All decisions are risky

David MoonBlog

To increase pedestrian safety, Knoxville is reducing the City’s unposted speed limit from 30 to 25 mph. Speaking at a recent City Council meeting, the president of Bike Walk Knoxville cited research that a person is 70 percent more likely to be killed if they are struck by a vehicle travelling 30 mph versus 25 mph. Why not reduce the speed limit to 5 mph? Or we could eliminate all vehicle/pedestrian fatalities be outlawing vehicles in the city. Zero pedestrian deaths.

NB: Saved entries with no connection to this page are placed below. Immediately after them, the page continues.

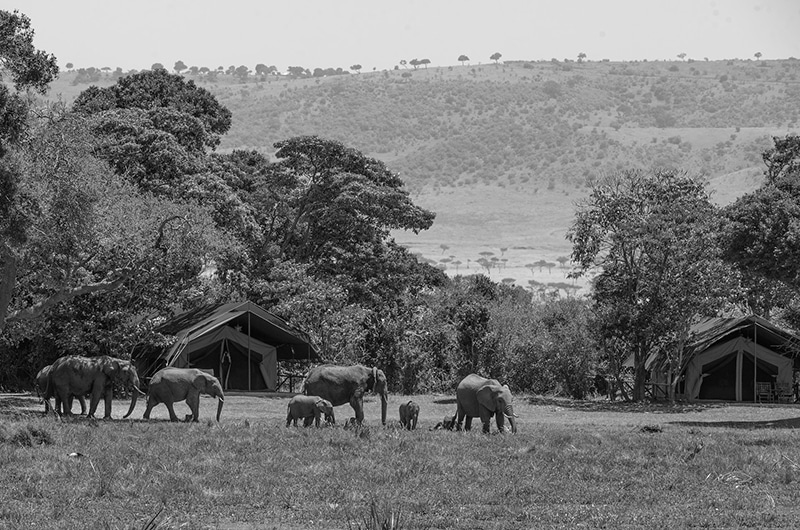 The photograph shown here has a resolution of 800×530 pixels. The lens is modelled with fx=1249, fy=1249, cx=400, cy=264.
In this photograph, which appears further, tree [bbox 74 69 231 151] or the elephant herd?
tree [bbox 74 69 231 151]

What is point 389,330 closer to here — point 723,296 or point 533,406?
point 533,406

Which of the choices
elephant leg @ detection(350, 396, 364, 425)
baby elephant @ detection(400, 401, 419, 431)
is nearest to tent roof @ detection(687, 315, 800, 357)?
elephant leg @ detection(350, 396, 364, 425)

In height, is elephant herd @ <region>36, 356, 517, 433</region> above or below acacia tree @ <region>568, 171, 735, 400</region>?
below

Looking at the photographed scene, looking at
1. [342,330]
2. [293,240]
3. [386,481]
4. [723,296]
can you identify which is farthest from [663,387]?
[386,481]

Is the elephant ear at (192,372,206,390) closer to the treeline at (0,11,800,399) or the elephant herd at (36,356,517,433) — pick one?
the elephant herd at (36,356,517,433)

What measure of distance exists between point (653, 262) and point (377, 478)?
3130 centimetres

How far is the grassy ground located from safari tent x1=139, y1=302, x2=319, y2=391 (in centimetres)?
1587

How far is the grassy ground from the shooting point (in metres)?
17.8

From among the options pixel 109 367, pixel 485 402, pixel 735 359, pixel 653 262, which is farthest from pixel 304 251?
pixel 485 402

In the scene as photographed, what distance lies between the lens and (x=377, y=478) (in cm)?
2109

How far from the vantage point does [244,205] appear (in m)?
53.1

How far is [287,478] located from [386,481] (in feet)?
5.52

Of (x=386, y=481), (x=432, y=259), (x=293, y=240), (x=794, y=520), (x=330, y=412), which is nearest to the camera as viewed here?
(x=794, y=520)

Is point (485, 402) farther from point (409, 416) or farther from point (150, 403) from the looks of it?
point (150, 403) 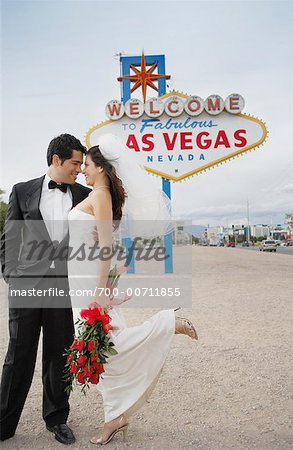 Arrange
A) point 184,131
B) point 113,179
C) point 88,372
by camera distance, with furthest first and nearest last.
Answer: point 184,131 < point 113,179 < point 88,372

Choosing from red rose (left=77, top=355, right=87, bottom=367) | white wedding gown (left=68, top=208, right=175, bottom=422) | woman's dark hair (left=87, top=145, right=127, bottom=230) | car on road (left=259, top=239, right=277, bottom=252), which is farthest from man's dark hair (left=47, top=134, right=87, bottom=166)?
car on road (left=259, top=239, right=277, bottom=252)

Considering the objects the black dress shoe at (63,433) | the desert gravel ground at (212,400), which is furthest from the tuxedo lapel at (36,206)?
the desert gravel ground at (212,400)

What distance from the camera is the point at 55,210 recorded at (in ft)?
10.8

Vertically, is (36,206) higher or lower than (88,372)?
higher

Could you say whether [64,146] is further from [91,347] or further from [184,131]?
[184,131]

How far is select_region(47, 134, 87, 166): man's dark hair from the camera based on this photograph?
323cm

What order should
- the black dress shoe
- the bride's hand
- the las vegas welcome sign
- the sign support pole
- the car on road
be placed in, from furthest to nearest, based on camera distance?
the car on road, the sign support pole, the las vegas welcome sign, the black dress shoe, the bride's hand

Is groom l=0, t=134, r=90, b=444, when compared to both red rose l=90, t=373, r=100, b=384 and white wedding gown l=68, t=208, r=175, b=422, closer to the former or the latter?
white wedding gown l=68, t=208, r=175, b=422

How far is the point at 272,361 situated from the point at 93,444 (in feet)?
8.26

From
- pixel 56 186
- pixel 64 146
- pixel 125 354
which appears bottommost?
pixel 125 354

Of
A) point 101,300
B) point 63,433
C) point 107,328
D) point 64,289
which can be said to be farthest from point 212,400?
point 64,289

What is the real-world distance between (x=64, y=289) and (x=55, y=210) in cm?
55

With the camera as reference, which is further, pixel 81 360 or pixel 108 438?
pixel 108 438

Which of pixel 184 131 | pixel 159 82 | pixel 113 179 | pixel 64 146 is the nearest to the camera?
pixel 113 179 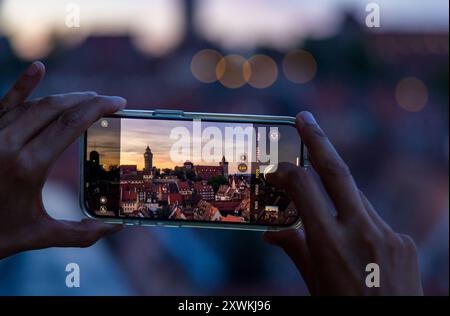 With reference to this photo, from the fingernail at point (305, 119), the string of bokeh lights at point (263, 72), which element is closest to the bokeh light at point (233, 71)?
the string of bokeh lights at point (263, 72)

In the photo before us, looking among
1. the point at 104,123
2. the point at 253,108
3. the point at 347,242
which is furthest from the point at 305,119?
the point at 253,108

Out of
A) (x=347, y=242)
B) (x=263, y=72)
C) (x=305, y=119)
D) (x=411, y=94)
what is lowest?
(x=347, y=242)

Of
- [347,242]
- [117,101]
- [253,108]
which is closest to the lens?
[347,242]

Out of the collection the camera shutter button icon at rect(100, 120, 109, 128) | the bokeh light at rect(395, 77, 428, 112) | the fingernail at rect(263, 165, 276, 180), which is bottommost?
the fingernail at rect(263, 165, 276, 180)

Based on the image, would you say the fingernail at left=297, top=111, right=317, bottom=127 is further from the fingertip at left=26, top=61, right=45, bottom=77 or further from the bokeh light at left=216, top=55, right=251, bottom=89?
the bokeh light at left=216, top=55, right=251, bottom=89

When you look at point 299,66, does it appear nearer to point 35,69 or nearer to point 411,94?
point 411,94

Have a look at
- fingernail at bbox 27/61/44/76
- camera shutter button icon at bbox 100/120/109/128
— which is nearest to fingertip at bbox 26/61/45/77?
fingernail at bbox 27/61/44/76

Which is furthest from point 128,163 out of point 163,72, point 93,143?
point 163,72
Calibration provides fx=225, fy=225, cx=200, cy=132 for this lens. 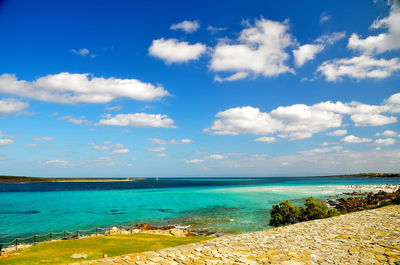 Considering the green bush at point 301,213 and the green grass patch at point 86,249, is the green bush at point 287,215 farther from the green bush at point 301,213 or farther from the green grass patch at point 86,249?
the green grass patch at point 86,249

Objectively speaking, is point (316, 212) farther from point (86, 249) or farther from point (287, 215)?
point (86, 249)

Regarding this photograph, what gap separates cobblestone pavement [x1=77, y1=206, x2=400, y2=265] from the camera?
8477mm

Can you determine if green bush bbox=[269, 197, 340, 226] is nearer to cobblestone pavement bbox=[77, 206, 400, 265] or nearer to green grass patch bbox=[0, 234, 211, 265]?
green grass patch bbox=[0, 234, 211, 265]

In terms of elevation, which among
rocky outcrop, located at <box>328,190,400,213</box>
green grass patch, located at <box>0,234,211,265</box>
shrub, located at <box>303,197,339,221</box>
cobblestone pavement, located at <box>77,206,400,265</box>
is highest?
cobblestone pavement, located at <box>77,206,400,265</box>

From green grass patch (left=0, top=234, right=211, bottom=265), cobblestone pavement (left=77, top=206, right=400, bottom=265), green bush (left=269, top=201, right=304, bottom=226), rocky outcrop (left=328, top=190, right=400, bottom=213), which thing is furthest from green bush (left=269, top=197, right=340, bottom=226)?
rocky outcrop (left=328, top=190, right=400, bottom=213)

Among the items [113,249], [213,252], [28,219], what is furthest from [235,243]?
[28,219]

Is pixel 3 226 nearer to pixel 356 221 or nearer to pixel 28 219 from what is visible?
pixel 28 219

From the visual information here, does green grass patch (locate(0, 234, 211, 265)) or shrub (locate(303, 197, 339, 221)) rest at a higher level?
shrub (locate(303, 197, 339, 221))

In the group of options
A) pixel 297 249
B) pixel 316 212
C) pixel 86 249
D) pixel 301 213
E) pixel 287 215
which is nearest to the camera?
pixel 297 249

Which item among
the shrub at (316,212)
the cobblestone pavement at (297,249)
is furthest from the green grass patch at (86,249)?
the shrub at (316,212)

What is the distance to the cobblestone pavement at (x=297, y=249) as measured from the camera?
8477mm

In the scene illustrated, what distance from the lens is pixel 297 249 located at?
9.89m

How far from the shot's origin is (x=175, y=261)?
848cm

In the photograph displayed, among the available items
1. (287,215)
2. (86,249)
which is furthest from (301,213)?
(86,249) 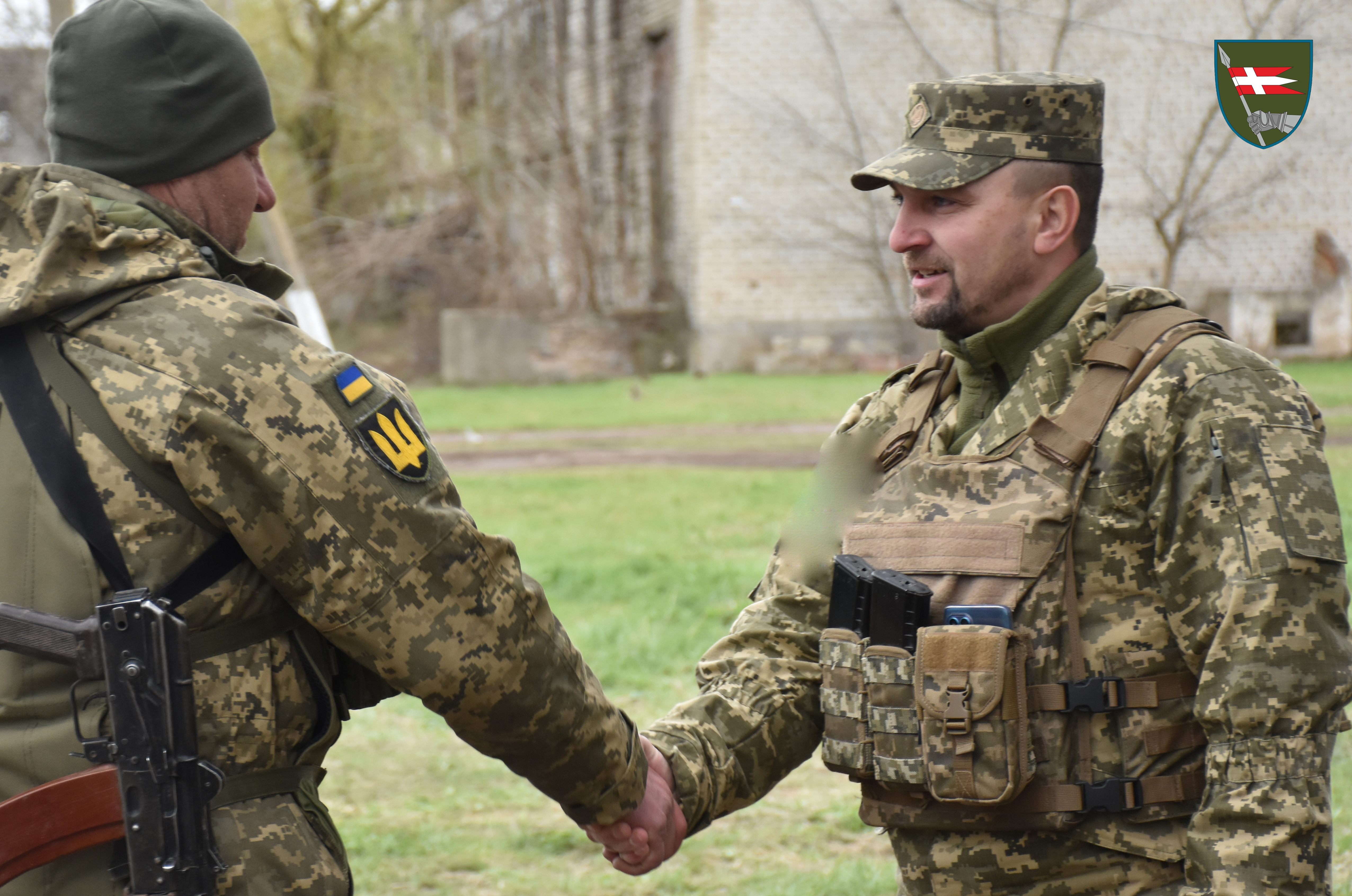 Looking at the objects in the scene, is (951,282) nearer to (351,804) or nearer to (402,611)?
(402,611)

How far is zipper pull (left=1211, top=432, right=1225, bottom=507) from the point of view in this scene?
2281 mm

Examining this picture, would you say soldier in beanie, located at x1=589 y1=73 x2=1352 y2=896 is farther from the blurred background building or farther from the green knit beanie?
the blurred background building

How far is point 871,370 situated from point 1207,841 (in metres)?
20.8

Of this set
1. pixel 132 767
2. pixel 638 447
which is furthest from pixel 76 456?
pixel 638 447

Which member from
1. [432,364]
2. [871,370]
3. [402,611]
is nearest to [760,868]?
[402,611]

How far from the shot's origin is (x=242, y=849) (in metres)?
2.16

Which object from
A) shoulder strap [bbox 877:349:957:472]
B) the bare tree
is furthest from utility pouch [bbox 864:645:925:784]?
the bare tree

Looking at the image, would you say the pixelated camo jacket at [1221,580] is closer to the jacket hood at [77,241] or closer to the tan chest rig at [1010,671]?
the tan chest rig at [1010,671]

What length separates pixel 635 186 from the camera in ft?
81.7

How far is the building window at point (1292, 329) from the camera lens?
22.9 m

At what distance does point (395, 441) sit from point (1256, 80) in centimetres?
581

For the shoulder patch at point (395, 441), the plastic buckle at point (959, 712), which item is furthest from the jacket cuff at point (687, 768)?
the shoulder patch at point (395, 441)

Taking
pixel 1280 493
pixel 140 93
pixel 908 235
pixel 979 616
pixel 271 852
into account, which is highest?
pixel 140 93

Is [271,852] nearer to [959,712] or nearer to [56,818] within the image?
[56,818] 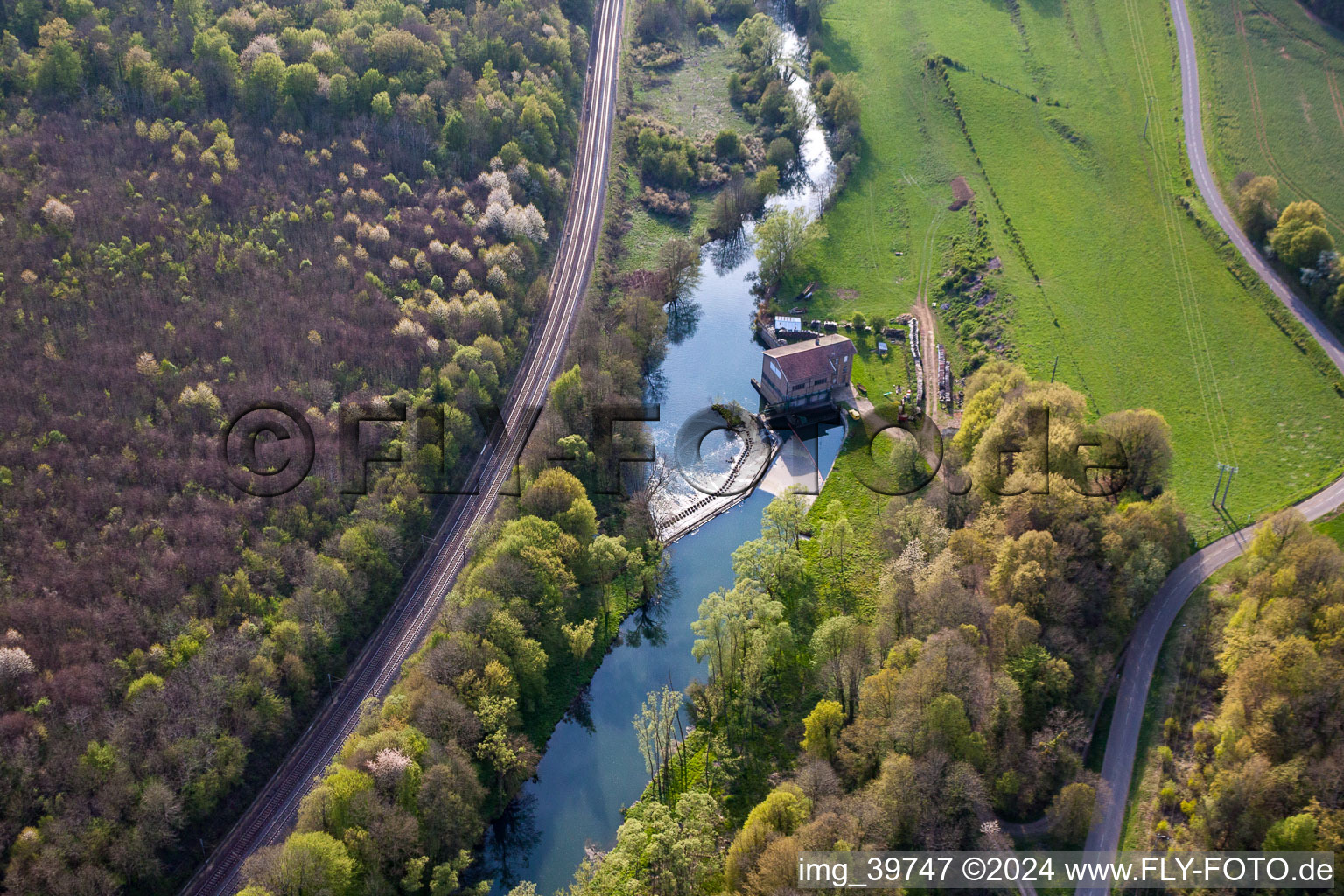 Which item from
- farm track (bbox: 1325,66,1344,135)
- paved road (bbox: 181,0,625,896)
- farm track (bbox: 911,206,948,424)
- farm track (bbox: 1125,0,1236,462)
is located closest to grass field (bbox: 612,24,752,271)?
paved road (bbox: 181,0,625,896)

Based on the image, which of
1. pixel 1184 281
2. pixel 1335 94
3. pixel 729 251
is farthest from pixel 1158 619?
pixel 1335 94

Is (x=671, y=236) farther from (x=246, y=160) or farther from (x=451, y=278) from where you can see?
(x=246, y=160)

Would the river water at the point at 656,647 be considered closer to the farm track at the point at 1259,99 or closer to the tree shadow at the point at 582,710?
the tree shadow at the point at 582,710

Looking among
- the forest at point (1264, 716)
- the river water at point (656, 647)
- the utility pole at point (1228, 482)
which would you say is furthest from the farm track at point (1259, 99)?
the river water at point (656, 647)

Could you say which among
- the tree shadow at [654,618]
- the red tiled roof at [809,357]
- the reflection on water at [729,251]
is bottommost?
the tree shadow at [654,618]

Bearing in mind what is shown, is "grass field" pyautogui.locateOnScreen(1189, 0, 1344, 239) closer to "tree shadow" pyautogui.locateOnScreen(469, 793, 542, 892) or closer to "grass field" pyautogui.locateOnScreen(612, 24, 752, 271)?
"grass field" pyautogui.locateOnScreen(612, 24, 752, 271) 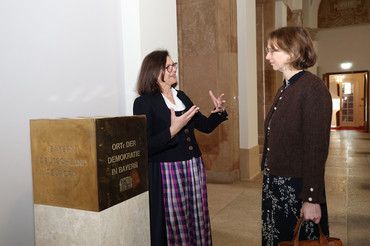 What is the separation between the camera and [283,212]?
78.6 inches

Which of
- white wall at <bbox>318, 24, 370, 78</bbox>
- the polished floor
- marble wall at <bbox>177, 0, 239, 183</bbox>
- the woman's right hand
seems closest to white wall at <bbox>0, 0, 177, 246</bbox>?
the woman's right hand

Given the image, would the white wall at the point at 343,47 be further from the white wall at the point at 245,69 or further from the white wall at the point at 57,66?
the white wall at the point at 57,66

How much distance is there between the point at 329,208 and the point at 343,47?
14325mm

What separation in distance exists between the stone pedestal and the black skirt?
2.73ft

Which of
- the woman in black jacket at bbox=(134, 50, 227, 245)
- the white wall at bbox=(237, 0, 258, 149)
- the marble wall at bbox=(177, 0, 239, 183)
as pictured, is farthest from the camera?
the white wall at bbox=(237, 0, 258, 149)

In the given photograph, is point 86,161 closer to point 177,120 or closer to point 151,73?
point 177,120

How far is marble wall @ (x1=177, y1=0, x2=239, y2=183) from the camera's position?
20.2 ft

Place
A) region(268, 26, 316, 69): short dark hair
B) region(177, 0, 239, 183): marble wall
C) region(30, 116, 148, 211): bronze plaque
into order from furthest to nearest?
region(177, 0, 239, 183): marble wall, region(268, 26, 316, 69): short dark hair, region(30, 116, 148, 211): bronze plaque

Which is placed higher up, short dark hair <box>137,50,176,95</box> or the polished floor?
short dark hair <box>137,50,176,95</box>

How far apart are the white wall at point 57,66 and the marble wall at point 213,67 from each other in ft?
9.92

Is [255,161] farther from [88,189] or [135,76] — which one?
[88,189]

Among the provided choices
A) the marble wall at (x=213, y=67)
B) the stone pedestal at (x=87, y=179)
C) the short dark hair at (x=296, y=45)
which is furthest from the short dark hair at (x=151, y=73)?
the marble wall at (x=213, y=67)

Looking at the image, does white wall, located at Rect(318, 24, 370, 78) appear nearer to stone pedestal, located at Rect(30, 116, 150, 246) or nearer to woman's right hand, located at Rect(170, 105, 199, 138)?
woman's right hand, located at Rect(170, 105, 199, 138)

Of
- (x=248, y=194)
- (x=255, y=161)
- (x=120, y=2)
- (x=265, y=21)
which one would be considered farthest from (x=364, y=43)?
(x=120, y=2) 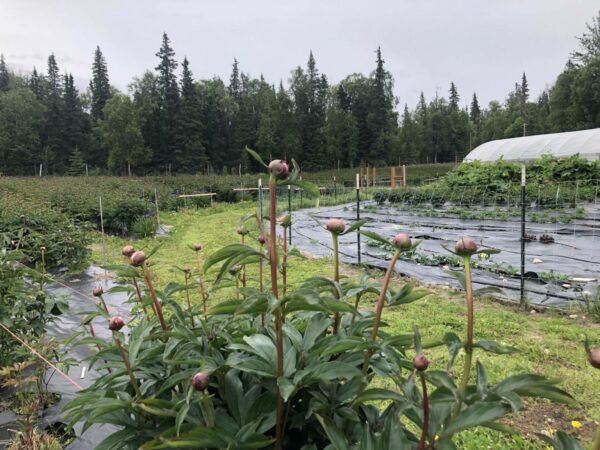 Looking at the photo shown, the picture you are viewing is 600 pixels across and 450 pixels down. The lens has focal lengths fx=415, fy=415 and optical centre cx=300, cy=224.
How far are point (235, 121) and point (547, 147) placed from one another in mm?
31401

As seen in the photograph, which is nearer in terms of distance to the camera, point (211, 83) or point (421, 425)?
point (421, 425)

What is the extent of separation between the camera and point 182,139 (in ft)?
125

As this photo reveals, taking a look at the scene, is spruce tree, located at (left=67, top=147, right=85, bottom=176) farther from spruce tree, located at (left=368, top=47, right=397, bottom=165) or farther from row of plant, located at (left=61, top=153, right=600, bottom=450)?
row of plant, located at (left=61, top=153, right=600, bottom=450)

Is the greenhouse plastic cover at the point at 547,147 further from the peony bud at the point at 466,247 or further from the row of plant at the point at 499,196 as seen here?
the peony bud at the point at 466,247

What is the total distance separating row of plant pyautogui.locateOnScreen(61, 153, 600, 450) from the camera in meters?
0.66

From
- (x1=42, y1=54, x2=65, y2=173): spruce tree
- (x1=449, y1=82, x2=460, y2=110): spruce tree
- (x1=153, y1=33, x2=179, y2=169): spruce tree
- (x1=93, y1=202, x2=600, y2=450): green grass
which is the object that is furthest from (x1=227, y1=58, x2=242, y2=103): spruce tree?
(x1=93, y1=202, x2=600, y2=450): green grass

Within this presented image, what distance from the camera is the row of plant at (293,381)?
2.16 ft

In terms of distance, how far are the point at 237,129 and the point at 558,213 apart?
36932 mm

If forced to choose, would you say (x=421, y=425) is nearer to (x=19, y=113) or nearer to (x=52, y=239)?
(x=52, y=239)

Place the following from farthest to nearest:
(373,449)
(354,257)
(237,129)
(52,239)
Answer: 1. (237,129)
2. (354,257)
3. (52,239)
4. (373,449)

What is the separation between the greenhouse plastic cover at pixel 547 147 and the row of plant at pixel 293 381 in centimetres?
1691

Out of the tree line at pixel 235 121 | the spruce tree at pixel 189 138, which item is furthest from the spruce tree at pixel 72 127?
the spruce tree at pixel 189 138

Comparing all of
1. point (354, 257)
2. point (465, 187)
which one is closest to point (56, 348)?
point (354, 257)

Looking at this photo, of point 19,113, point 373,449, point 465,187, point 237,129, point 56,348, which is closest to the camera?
point 373,449
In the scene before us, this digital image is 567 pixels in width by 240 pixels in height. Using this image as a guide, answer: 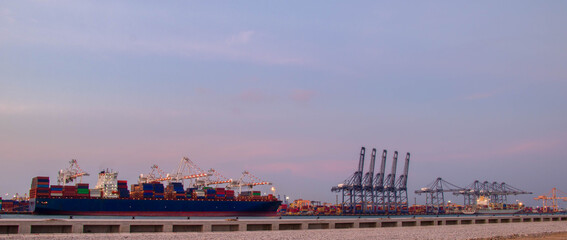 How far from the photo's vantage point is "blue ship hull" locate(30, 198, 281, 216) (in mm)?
89812

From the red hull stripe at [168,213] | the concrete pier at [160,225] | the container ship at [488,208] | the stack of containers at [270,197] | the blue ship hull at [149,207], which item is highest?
the concrete pier at [160,225]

Zero food and package delivery, too.

I’m not picking on City Council. And I don’t care what the speed limit is. But the notion that we can eliminate risk in our lives while insisting there is no trade-off is both silly and dangerous. As Newton’s third law reminds us, for every action there is an equal and opposite reaction – whether a committee considers the reaction or not.

If your only concern is reducing vehicle fatalities, reduce the enforced interstate speed limit to 20 mph. That wouldn’t do much to help the current dysfunctional state of the nation’s supply chain, but car deaths would decline.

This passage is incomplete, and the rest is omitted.